[Data shown]
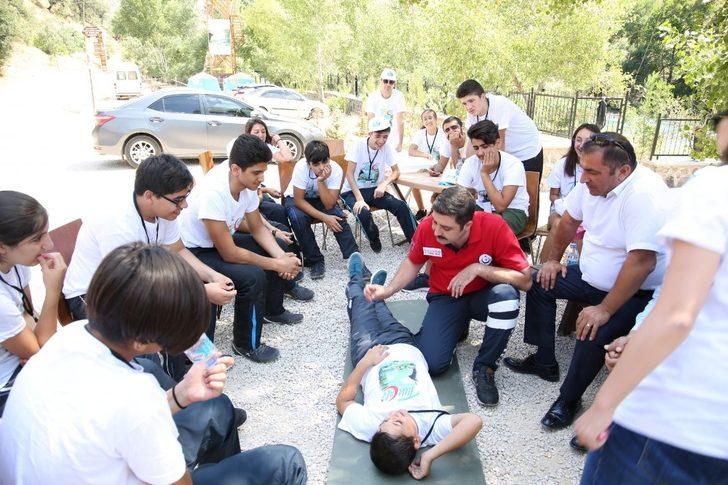 Başarılı öğrenciler için “Kamp Vakti” projesi G3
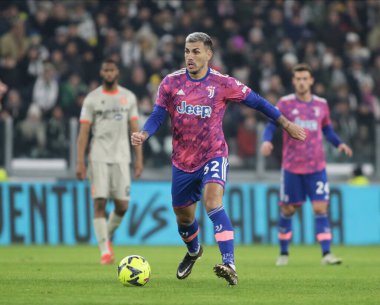 Leonardo Paredes of Juventus Fc during the Italian Serie A, football match between Juventus Fc and Udinese Calcio on Jannuary 07, 2023 at Allianz Stadium, Turin, Italy. Photo Nderim Kaceli - Credit: Nderim Kaceli/LiveMedi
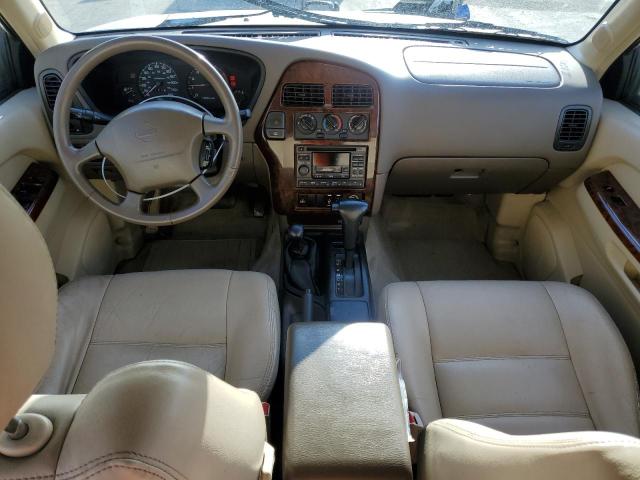 JN8AR05Y6VW153502 - 1997 NISSAN PATHFINDER LE თაფლისფერი ფოტო 8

[Exercise instructions] Reproduce the full listing faithfully, but do not carry over any pictures.

[Solution to this exercise]
 Başarılı öğrenciler için “Kamp Vakti” projesi G3
 Leonardo Paredes of Juventus Fc during the Italian Serie A, football match between Juventus Fc and Udinese Calcio on Jannuary 07, 2023 at Allianz Stadium, Turin, Italy. Photo Nderim Kaceli - Credit: Nderim Kaceli/LiveMedi
 JN8AR05Y6VW153502 - 1997 NISSAN PATHFINDER LE თაფლისფერი ფოტო 8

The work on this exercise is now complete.